### Notebook description



### Load data

- Loading dataset to train the model

In [1]:
with open('../data/raw/input.txt', 'r') as f:
    text = f.read()

In [2]:
print(text[:1000])

First Citizen:
Before we proceed any further, hear me speak.

All:
Speak, speak.

First Citizen:
You are all resolved rather to die than to famish?

All:
Resolved. resolved.

First Citizen:
First, you know Caius Marcius is chief enemy to the people.

All:
We know't, we know't.

First Citizen:
Let us kill him, and we'll have corn at our own price.
Is't a verdict?

All:
No more talking on't; let it be done: away, away!

Second Citizen:
One word, good citizens.

First Citizen:
We are accounted poor citizens, the patricians good.
What authority surfeits on would relieve us: if they
would yield us but the superfluity, while it were
wholesome, we might guess they relieved us humanely;
but they think we are too dear: the leanness that
afflicts us, the object of our misery, is as an
inventory to particularise their abundance; our
sufferance is a gain to them Let us revenge this with
our pikes, ere we become rakes: for the gods know I
speak this in hunger for bread, not in thirst for revenge.



### Caracters

- Let's check all the caracters that the model will be able to see

In [3]:
chars = sorted(list(set(text)))
print(''.join(chars))
print(f"Number of unique caracters: {len(chars)}")

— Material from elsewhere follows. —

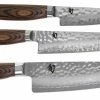 Shun Cutlery Shun Premier Starter Knife Set - 3 Piece -Knife Sets Shop tdms0300 shun premier 3 piece starter set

 !$&',-.3:;?ABCDEFGHIJKLMNOPQRSTUVWXYZabcdefghijklmnopqrstuvwxyz
Number of unique caracters: 65


### Encoding caracters

- Let's create an estrategy to transforme words to integers;
- Using the list of caraters we can create a map from caracters to integers

In [4]:
stoi = { c: i for i, c in enumerate(chars) }
itos = { i: c for i, c in enumerate(chars) }

encode = lambda x: [stoi[c] for c in x]
decode = lambda x: ''.join([itos[i] for i in x])

print(encode('hello'))
print(decode(encode('hello')))

[46, 43, 50, 50, 53]
hello


### Tokenization & train/test split

In [5]:
import torch

text_encoded = torch.tensor(encode(text), dtype=torch.long)
print(text_encoded[:100])

tensor([18, 47, 56, 57, 58,  1, 15, 47, 58, 47, 64, 43, 52, 10,  0, 14, 43, 44,
        53, 56, 43,  1, 61, 43,  1, 54, 56, 53, 41, 43, 43, 42,  1, 39, 52, 63,
         1, 44, 59, 56, 58, 46, 43, 56,  6,  1, 46, 43, 39, 56,  1, 51, 43,  1,
        57, 54, 43, 39, 49,  8,  0,  0, 13, 50, 50, 10,  0, 31, 54, 43, 39, 49,
         6,  1, 57, 54, 43, 39, 49,  8,  0,  0, 18, 47, 56, 57, 58,  1, 15, 47,
        58, 47, 64, 43, 52, 10,  0, 37, 53, 59])


In [6]:
train_size = int(0.9 * len(text_encoded))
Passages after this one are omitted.